Below I highlight two of my main areas of methodological interest.
Since 2019 I have been developing tools and methodology for analysis of multiplex single cell imaging (MI) data, an emerging image analysis technique that has revolutionized researchers’ ability to study tissue structure and function at a cellular level while preserving the original spatial context. Single cell refers to individual cell resolution, multiplex refers to multiple types of proteins in the tissue that are tagged, allowing for identification of nuanced cell subtypes, function, and tissue regions, and imaging indicates that biological spatial relationships in the tissue are preserved. An example image from a paper I worked on studying tumor-immune relationships in non-small cell lung carcinoma is below.

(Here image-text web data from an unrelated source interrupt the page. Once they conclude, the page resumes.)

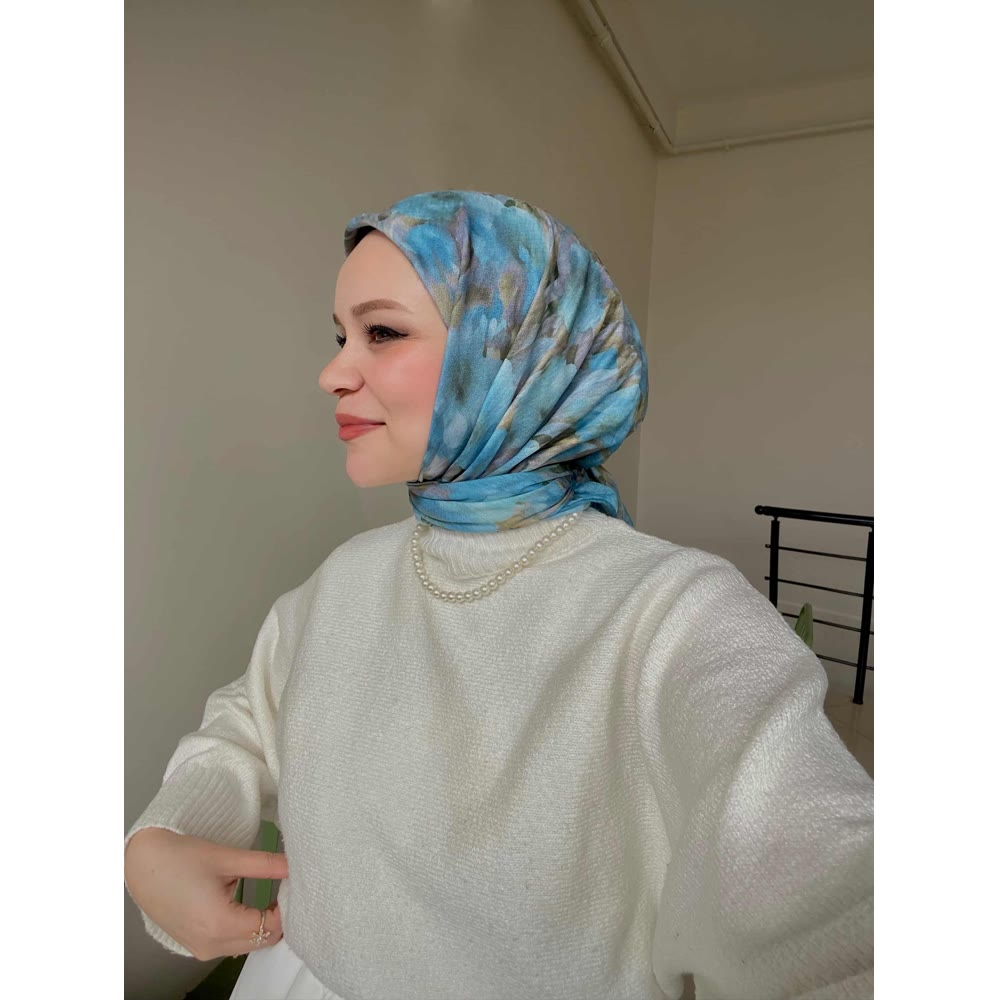 PURE ORGANIC EŞARP MAVİ 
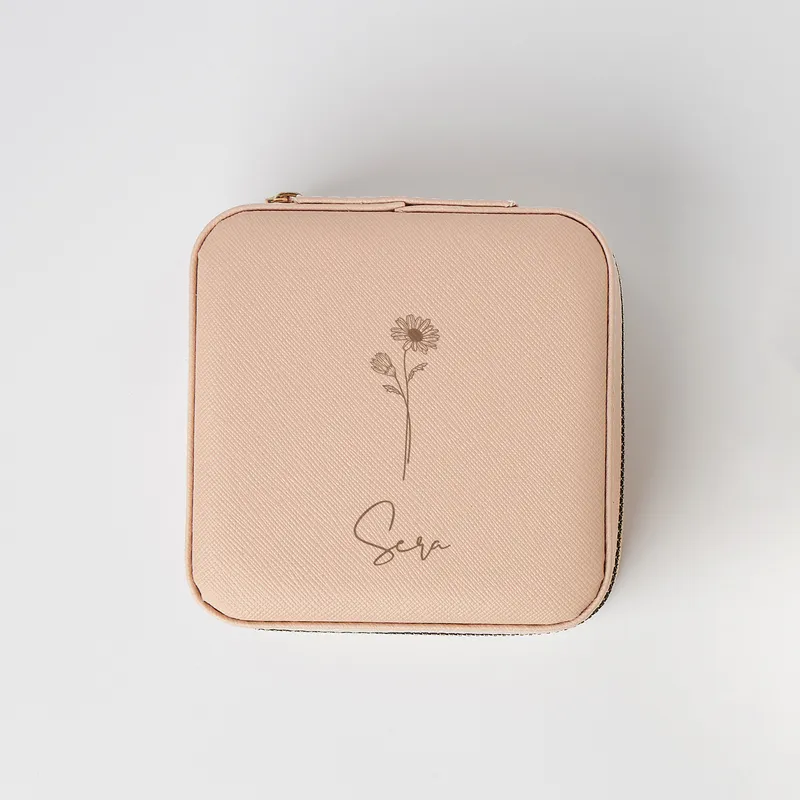 Personalised Birth Flower Jewellery Travel Case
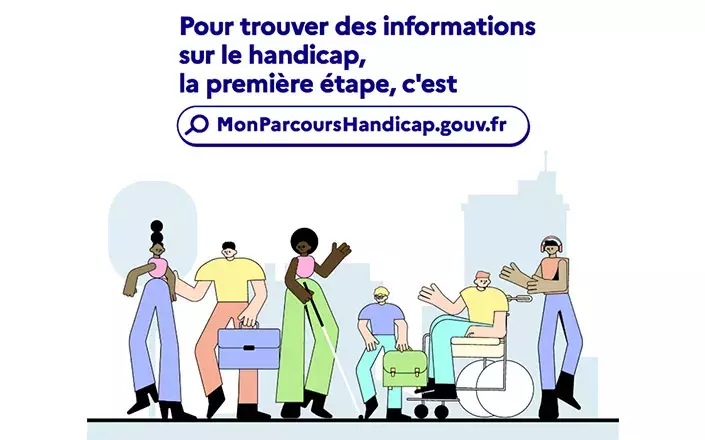 Visuel de la campagne de communication pour le site Mon Parcours Handicap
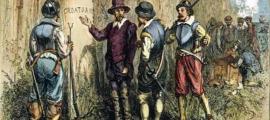 Painting by Englishman John White of Sir Walter Raleigh’s 1590 Expedition to Roanoke Island to find the Lost Colony, where they found “Croatoan” carved on a tree. This may refer to either Croatoan Island or the Croatoan people. Source: Public Domain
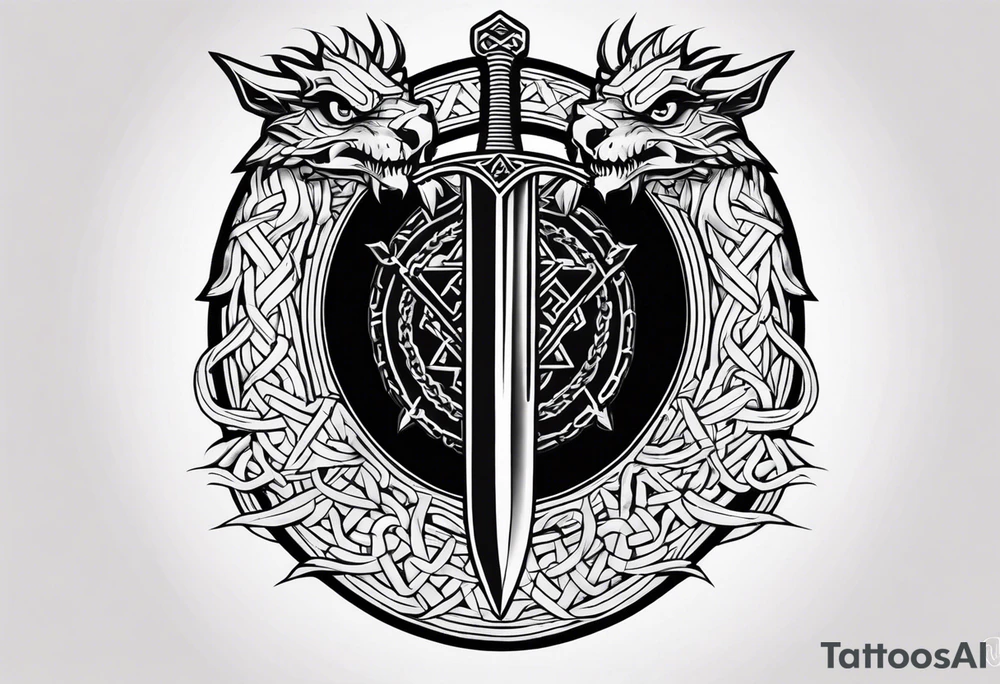 Valhalla sword shield dragon axe Valknut barbed wire chains tattoo idea Valhalla sword shield dragon axe Valknut barbed wire chains tattoo idea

This image is a multichannel TIFF files, where each channel represents signal intensity of a particular protein. The left panel is the composite image combining all 8 channels collected for this dataset.The next three images are three individual channels from the same image, shown, from left to right, the nucleus (DAPI) channel, the tumor (cytokeratin) channel, and the immune (CD8) channel.
Multiplex imaging data has a complex data acquisition, image processing, and analysis pipeline with unique challenges that can be addressed by statisticians. First, tissue is placed on a slide and labeled with multiple (multiplex) antibody markers. These images are then segmented to identify tissue compartments (e.g. tumor vs. stroma), cells, and nuclei. Marker intensities across samples must be normalized and batch corrected to account for non-biological variability. Then cells are phenotyped, or given biological label(s) based on their mean marker intensities. Finally, the datasets are undergo compositional and spatial analysis, potentially in combination with patient level outcomes such as survival time, disease subtype, or cancer stage. To address these challenges, I have developed methods and software for normalizing multiplex imaging data (1,2), for analyzing continuous marker expression using density-based variation analysis (3), for spatial analysis using scalar spatial summaries (4), and for spatial analysis using techniques drawn from functional data analysis (5, 6).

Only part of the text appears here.